The reports, including a Wall Street Journal op-ed by two professors from Pepperdine University, have revived the long-discredited argument alleging that capital punishment has a deterrent effect on homicide rates. They are certainly not precise or even consistent with each other, claiming that each execution deters anywhere between three and 74 murders.
Nevertheless, the new reports have captured widespread media attention, which in turn has accorded them a degree of unjustified legitimacy in the public arena. Detailed follow-up studies by prominent social scientists have demonstrated that the available data don't -- and because of inherent limitations probably can't -- support the conclusion that capital punishment deters murder.
The first glaring problem is the studies' failure to consider alternate explanations for declining murder rates in recent years. The possible alternatives include, among other things: the increase of life sentences without release, the improved police "clearance" rates for felonies, and the waning of acute drug epidemics such as the crack problem of the early 1990s. Any study that doesn't take into account these obvious factors can't be taken seriously.
Another problem -- inherent to any statistical study of deterrence -- is that the number of executions is small and insufficient to determine with any certainty the effect of executions on homicide rates.
Economist and law professor John Donohue of Yale University, together with economist Justin Wolfers of the University of Pennsylvania, conducted an exhaustive analysis of the datasets used by several deterrence proponents.
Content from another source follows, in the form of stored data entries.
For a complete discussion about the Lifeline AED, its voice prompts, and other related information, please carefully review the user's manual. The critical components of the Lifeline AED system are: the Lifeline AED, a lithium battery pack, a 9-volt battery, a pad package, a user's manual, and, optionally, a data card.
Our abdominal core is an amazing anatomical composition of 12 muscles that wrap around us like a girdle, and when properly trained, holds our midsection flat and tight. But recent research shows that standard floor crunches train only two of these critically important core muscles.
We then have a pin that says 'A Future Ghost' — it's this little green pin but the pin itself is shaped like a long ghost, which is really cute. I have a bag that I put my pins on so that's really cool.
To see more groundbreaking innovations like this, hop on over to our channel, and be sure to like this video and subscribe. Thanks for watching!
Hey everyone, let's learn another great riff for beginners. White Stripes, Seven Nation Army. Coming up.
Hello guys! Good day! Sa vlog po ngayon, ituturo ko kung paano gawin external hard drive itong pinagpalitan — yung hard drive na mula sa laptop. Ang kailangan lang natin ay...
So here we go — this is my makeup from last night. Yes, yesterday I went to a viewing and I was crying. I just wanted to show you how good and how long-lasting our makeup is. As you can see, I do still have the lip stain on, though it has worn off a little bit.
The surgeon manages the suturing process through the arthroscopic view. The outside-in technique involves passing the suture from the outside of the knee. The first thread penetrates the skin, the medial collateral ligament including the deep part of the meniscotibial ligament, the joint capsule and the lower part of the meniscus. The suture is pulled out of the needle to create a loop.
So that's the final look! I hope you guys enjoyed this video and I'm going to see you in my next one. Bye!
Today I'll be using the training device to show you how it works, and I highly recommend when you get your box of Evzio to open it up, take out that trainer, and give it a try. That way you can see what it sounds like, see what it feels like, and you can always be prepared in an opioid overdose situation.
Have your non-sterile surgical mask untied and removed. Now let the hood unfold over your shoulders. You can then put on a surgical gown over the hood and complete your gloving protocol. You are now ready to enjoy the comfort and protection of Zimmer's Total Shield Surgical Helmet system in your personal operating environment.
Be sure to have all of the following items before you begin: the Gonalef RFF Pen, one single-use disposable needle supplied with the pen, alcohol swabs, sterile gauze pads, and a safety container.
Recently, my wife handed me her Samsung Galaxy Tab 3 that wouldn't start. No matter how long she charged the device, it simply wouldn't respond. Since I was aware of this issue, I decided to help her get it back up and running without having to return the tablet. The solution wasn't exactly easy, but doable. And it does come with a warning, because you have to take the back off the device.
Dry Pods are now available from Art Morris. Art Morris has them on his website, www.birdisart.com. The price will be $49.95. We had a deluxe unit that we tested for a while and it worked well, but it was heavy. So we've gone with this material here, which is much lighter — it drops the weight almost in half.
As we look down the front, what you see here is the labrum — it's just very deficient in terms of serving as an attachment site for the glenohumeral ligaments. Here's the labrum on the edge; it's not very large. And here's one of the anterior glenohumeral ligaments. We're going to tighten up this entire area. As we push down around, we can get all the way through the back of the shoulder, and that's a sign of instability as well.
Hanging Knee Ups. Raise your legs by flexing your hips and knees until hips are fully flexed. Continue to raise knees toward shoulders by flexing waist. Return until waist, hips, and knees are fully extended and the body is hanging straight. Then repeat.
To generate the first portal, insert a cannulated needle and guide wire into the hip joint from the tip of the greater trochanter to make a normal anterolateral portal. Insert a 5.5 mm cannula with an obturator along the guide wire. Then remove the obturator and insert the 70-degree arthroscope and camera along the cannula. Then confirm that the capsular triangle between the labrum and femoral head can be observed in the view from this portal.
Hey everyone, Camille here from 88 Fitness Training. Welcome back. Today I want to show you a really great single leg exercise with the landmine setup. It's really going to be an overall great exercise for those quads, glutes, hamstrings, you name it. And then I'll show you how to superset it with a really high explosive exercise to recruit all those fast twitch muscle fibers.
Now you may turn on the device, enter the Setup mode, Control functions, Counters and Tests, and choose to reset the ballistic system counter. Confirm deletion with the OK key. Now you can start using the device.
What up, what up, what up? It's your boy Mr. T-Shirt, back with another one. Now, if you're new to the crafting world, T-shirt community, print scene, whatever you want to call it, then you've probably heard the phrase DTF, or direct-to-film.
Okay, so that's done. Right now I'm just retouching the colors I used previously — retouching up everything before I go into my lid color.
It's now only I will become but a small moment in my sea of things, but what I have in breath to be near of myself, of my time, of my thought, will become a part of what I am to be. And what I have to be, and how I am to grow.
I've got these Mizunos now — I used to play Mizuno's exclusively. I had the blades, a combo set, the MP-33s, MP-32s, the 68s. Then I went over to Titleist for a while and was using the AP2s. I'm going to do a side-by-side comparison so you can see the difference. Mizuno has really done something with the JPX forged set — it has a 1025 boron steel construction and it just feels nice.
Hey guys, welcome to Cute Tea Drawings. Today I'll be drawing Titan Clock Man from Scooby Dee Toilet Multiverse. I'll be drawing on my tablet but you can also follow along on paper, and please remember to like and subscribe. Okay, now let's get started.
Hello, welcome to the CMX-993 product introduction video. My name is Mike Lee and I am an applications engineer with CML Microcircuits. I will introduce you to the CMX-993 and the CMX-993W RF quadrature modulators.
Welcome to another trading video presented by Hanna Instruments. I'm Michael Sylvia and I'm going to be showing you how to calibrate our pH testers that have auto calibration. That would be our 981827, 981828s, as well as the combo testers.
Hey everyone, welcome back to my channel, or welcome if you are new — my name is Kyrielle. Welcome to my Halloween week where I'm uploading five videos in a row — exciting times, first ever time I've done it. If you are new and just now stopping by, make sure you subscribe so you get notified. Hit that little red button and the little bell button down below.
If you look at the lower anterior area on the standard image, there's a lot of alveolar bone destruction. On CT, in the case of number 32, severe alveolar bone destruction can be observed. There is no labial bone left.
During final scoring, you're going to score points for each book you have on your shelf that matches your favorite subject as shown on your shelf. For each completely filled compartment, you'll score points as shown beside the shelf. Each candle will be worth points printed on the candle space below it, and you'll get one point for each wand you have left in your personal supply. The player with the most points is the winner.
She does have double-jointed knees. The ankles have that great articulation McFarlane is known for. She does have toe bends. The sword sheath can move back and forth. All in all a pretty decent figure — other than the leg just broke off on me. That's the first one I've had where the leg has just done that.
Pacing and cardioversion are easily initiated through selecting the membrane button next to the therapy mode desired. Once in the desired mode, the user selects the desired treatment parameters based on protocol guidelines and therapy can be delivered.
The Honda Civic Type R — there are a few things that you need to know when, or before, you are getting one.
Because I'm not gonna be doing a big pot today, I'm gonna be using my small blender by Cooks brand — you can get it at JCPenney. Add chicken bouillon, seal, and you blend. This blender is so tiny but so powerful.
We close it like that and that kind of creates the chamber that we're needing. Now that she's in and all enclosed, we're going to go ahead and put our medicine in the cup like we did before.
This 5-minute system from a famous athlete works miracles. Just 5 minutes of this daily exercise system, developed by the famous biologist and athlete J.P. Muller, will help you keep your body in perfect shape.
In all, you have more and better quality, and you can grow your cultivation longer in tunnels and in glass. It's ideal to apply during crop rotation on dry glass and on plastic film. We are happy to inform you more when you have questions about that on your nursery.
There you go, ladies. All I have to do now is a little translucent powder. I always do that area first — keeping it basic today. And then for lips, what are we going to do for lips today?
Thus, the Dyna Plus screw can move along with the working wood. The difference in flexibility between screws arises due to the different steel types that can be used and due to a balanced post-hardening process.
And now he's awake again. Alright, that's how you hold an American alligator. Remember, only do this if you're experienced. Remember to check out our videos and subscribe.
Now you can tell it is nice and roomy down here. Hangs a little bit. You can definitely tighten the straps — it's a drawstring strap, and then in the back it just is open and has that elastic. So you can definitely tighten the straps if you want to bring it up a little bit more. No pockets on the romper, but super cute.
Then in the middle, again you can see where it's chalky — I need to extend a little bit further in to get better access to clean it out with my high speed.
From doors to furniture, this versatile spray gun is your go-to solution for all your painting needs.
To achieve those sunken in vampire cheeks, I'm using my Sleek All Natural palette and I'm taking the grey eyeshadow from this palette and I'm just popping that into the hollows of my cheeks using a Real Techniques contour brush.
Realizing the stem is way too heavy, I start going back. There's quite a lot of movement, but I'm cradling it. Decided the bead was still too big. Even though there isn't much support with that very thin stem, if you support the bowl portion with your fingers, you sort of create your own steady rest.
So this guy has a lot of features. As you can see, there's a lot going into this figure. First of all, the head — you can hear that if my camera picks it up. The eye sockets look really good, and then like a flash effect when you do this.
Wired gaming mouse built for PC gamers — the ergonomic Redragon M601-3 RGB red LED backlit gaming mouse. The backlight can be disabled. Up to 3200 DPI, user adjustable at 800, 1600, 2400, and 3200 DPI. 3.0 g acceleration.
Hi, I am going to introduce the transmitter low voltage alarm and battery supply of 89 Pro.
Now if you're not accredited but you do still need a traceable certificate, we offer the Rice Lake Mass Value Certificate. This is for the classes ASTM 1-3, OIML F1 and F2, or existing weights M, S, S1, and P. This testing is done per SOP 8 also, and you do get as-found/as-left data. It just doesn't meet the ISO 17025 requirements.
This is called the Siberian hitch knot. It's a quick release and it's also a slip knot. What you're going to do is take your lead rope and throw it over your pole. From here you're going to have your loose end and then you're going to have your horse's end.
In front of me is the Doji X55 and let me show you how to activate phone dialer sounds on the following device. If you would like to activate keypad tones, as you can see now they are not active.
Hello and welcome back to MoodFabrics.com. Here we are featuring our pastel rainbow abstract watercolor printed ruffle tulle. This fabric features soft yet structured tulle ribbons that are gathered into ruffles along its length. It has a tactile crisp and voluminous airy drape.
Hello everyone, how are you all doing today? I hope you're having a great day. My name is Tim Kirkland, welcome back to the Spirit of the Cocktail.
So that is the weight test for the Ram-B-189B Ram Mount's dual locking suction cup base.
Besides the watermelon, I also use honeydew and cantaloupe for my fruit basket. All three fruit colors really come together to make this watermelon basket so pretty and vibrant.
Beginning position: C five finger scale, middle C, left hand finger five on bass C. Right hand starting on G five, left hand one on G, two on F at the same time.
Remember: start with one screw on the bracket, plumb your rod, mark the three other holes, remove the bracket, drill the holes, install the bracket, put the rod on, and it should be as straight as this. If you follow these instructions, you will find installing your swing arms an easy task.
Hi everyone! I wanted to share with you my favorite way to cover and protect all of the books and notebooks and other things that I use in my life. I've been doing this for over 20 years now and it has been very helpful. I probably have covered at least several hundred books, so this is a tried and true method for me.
They reported that, while the evidence pointed more strongly to an increase in homicides following executions, "there exists profound uncertainty" about capital punishment's deterrent or anti-deterrent effect because of the enormous disparity between the number of homicides and the number of executions.
Numerous other studies by distinguished social scientists have reached essentially the same conclusion -- that, like an election poll that samples too few voters, the limited available data render any conclusions meaningless. For example, Jeffrey Fagan of Columbia University, along with other experts, examined the data and found that each execution may save 10 lives -- plus or minus 14 lives. In other words, executions may result in deterrence, no deterrence or more homicides -- not exactly a confidence-inspiring result.
Moreover, the small number of executions makes any conclusions about their influence on homicide rates highly vulnerable to slight changes in the statistical models used. In one of many examples in their analysis, Donohue and Wolfers looked at a deterrence study that had attempted to account for a number of factors that might have influenced execution and homicide rates, including the effect of "partisan influence." This study had concluded that each execution decreases homicides by 18. When Donohue and Wolfers used a slightly different method to account for partisan influence, they found that each execution increases homicides by 18; when they dropped the factor altogether, they found that each execution adds over 50 homicides.
Like the old deterrence studies, the new deterrence studies have been thoroughly debunked -- there is no legitimate or reliable statistical evidence of deterrence. Capital punishment -- the deliberate killing of defenseless human beings -- cannot be statistically, morally or legally defended on the basis that it deters homicides.